# Your Opinions Please



## Mayerl (May 5, 2008)

Hello All,
Firstly, let me say that although I have been registered here for quite some time, work commitments have ensured that my time for contributing more has been very restrictive. Now happily retired, I know things will change!
Having witnessed the Ragtime revival of the early 70's and having always been a devotee of the genre, back in October of 1975 I decided I would try and compose a Ragtime piece. Several weeks (!) later the piece was complete to MY satisfaction and was entitled "Ragged", partly as a pun and partly because that was how I perceived my efforts!
Back in 2017 I revised the piece to a degree whilst at the same time working on another two Rags.
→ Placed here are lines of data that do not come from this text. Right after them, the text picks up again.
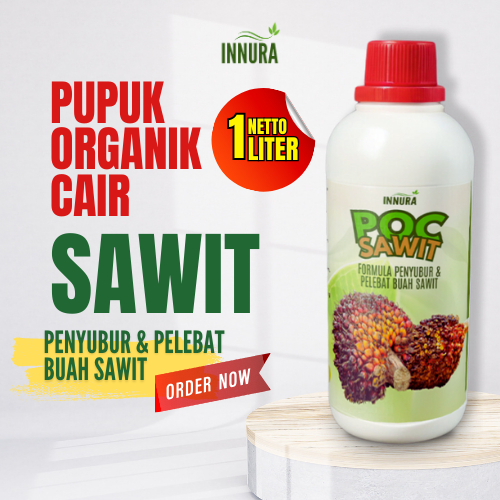 Pupuk Organik Cair Booster Pelebat Buah Sawit Cepat Berbuah Agar Lebat Untuk Perangsang Kelapa Sawit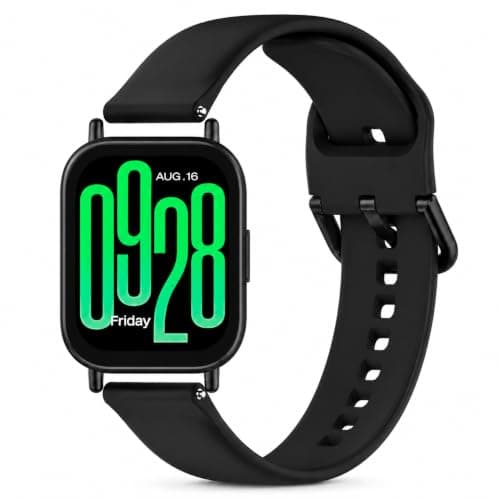 Compatible with Xiaomi Redmi Watch 5 Active/5 Lite, Soft Silicone Strap [Wear-Resistant] [Breathable]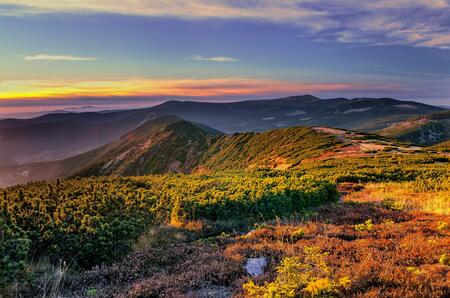 The most beautiful autumn trips in the Krkonose Mountains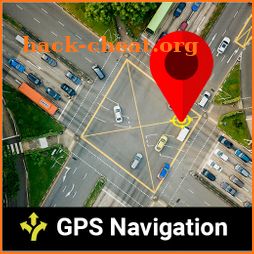 GPS Location Satellite View icon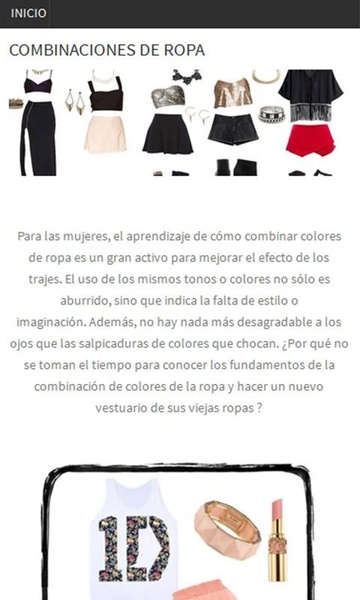 Combinaciones de Ropa - Preview 3
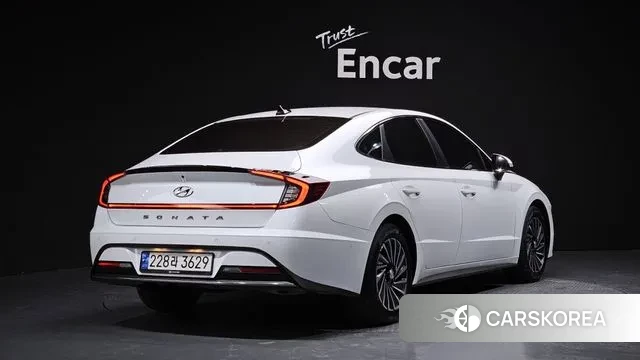 Hyundai Sonata Hybrid (DN8) id 3513839 из Кореи 12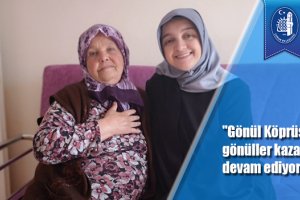 "Gönül Köprüsü Projesi" gönüller kazanmaya devam ediyor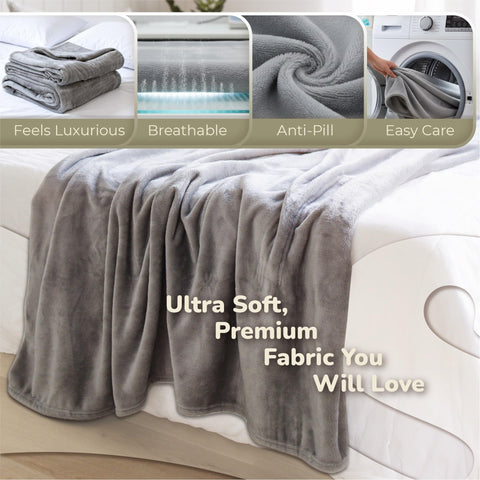 Super Blanky Aspen office-friendly blanket that doubles as a comfy chair companion.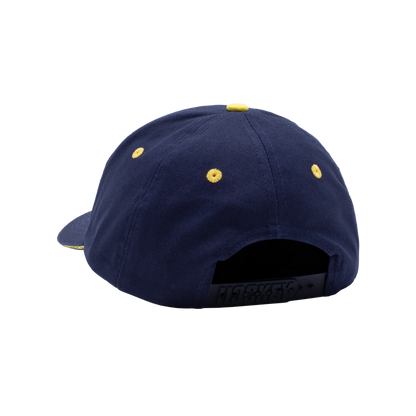 Hockey Troop 6 Panel Navy Cap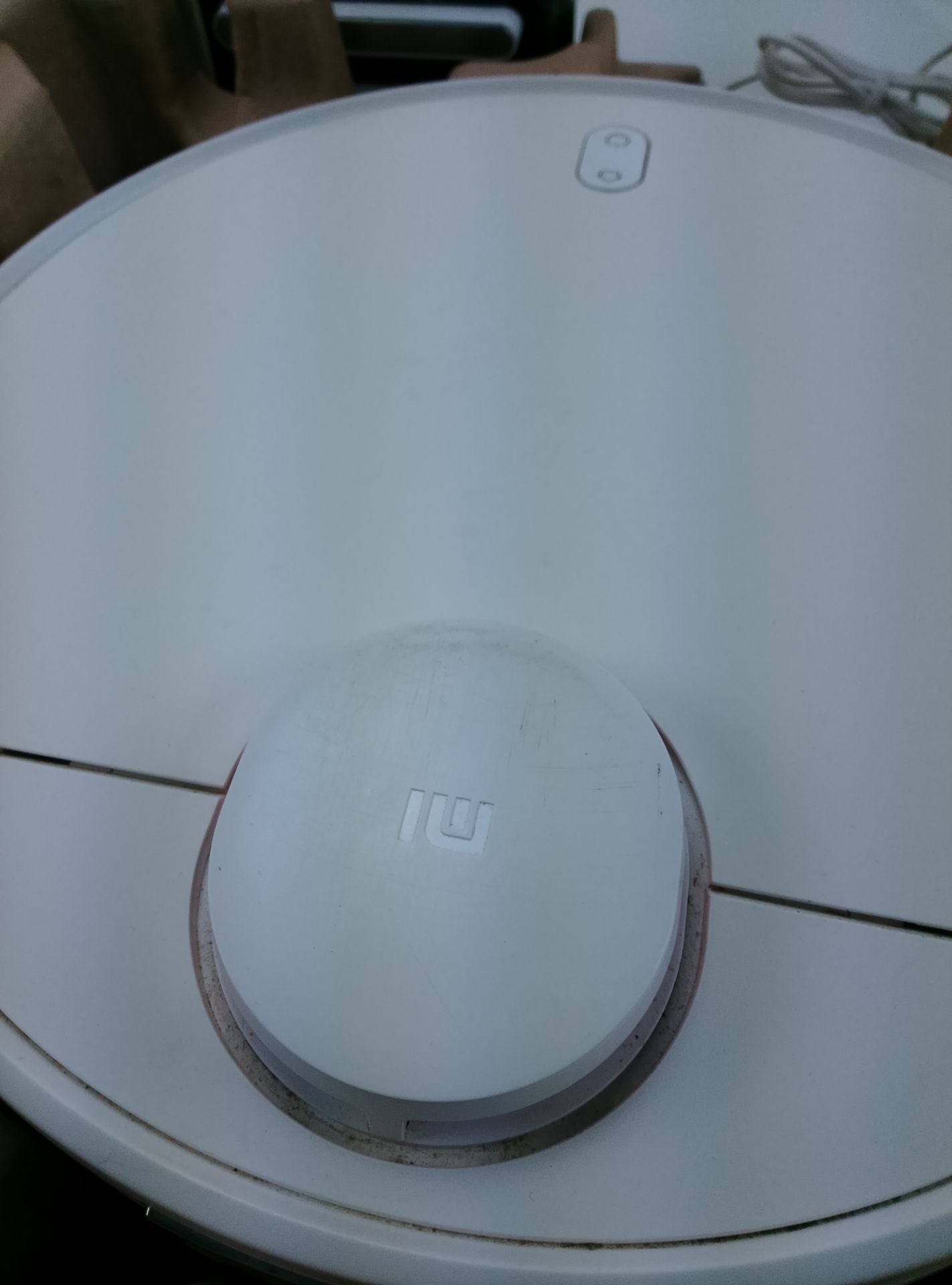 Xiaomi Robot Vacuum-Mop 2S - pohled 3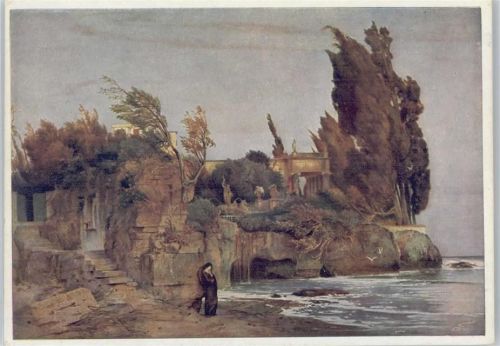 Nr. 3313 - Villa am Abend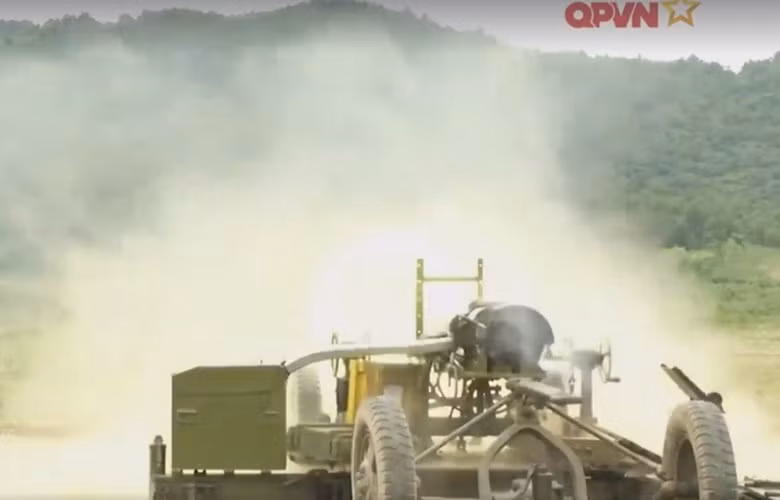 Hiện tại, Việt Nam đang hoàn thiện các khâu chuyển giao để chuyển sang chế tạo loạt “O” và sớm đưa vào trang bị cho các đơn vị phục vụ huấn luyện và sẵn sàng chiến đấu. Nguồn ảnh: Kênh QPVN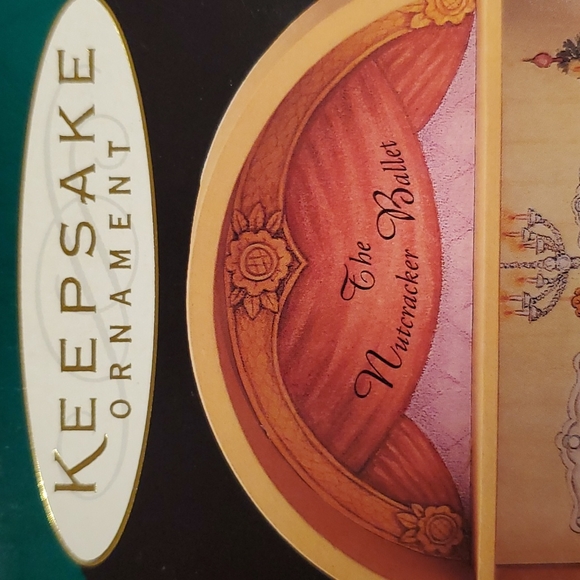 The Nutcracker Ballet•Hallmark Keepsake Ornament•Dated 1996•Collector's Series• - Picture 13 of 13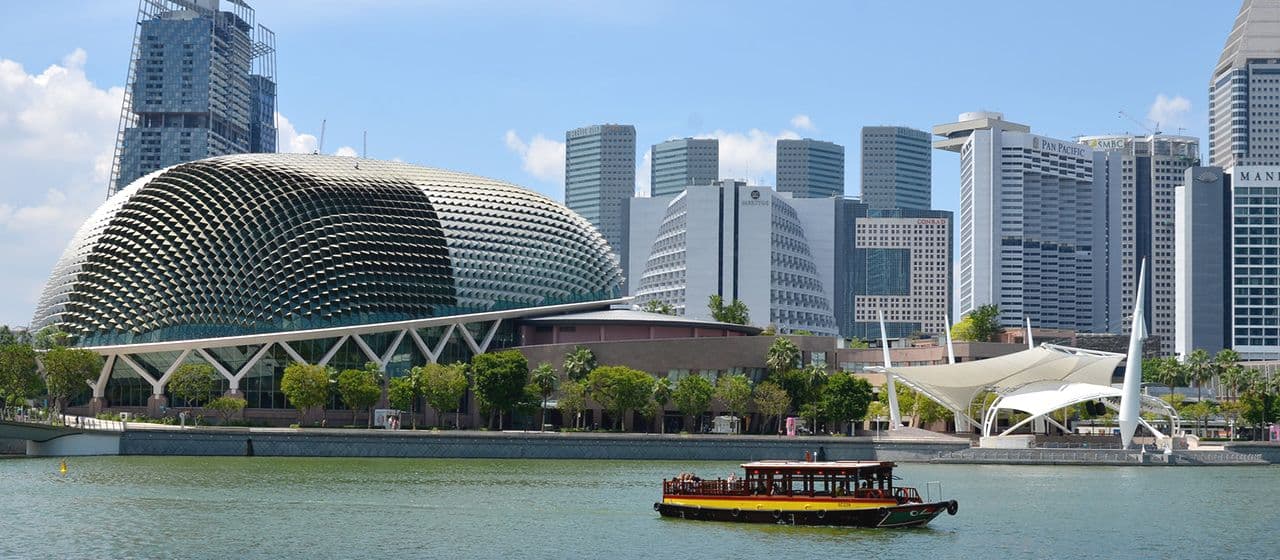 В Сингапуре прошло крупнейшее техническое мероприятие с момента открытия границ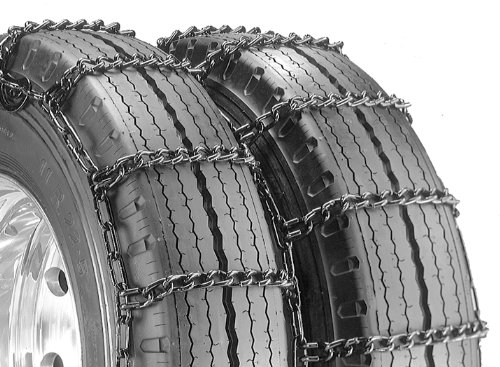 Security Chain Company QG4244HD Quik Grip Heavy Duty Type DT CAM/HD Light Truck Dual and Triple Tire Traction Chain - Pack of 1
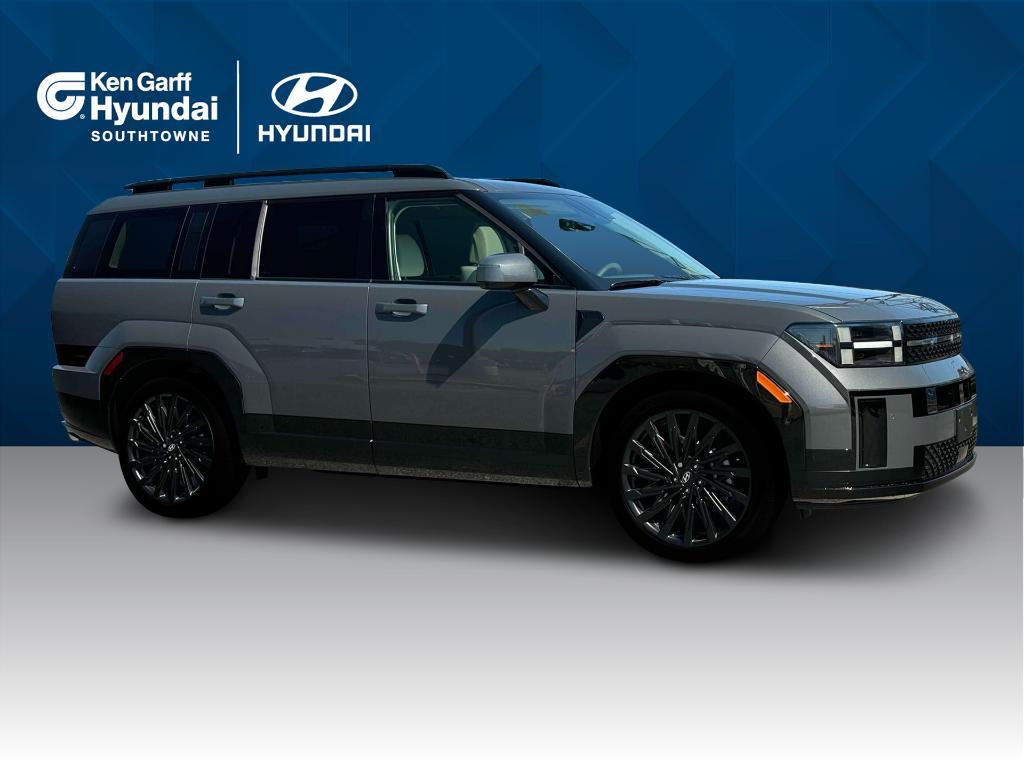 new 2025 Hyundai Santa Fe car, priced at $47,213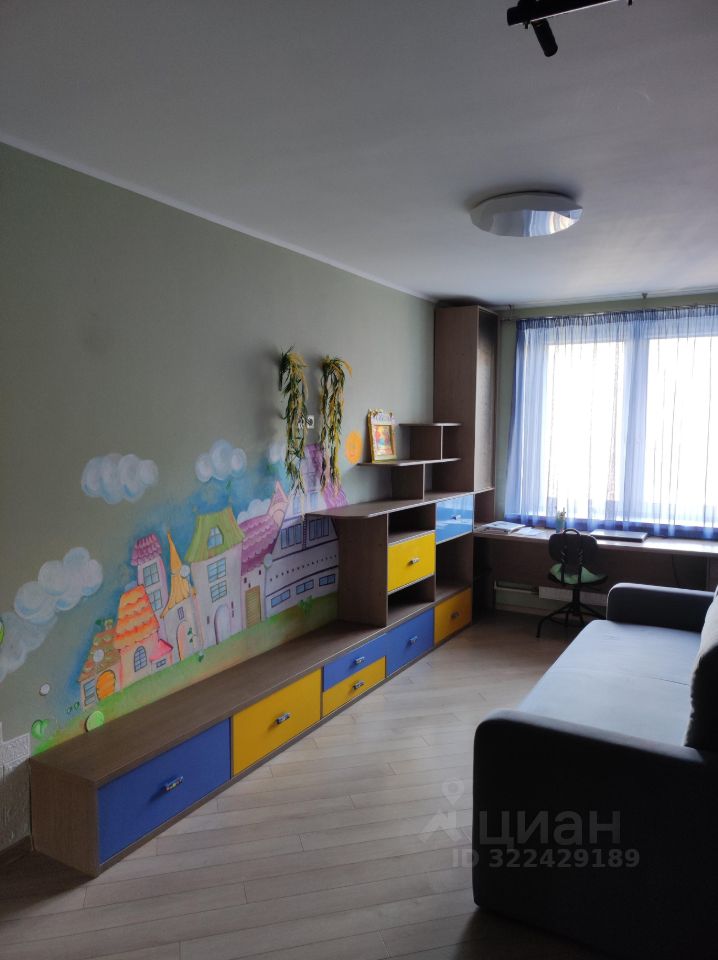 Аренда 2-комн квартиры на вторичном рынке улица Шелгунова, 7к2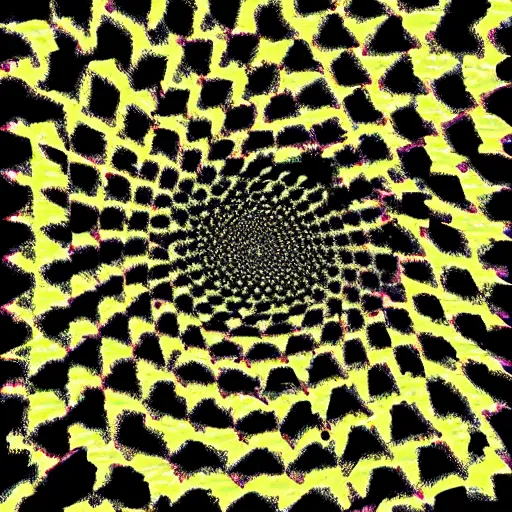 Prompt: A magic eye picture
The first, entitled "Looking Back", (the title being inspired by putting together and expanding variou sketches I had made in the late 70's), and the second "Just Strolling", the first section of which was inspired by a doodle and came together very easily, the other sections took a little more work. 
Over the last year I have made a few revisions and done a little polishing to all three, including a few left hand split 10ths to which I am unapologetically addicted.
I should add that when confronted by a camera I tend to freeze, so I recorded all three direct to my Kawai CA97 and filmed playback.
I look forward to any feedback.

Here are the You Tube Links
















If anyone should want the music, just PM me with an e mail address.

David


----------



## millionrainbows (Jun 23, 2012)

I'm not sure you really played these, or programmed them. The tempo never varies.


----------



## Phil loves classical (Feb 8, 2017)

I thought they all were charming. I think Just Strolling definitely stood out with a more striking rhythm in the right hand melody, and had more contrasting variations in general. I would add a rest somewhere in the left hand after a section or two. It would give the listener time to contemplate, and also add some contrast. Also I might add a variation to the left hand split chord pattern after every few bars to change it up.


----------



## tortkis (Jul 13, 2013)

It is great to hear new rag piano works. The melodies are very nice. I felt that the left hand is a bit monotonous. As for the performance, I was reminded of Rifkin's Joplin. Personally, I prefer more lively playing, with a little more varied dynamics and tempos, but it may not be an authentic way of rag piano playing. Joplin wanted his works played as written like classical compositions. Just Strolling is refreshing, reminding me of the mood of Echo of Spring. Thanks for posting.


----------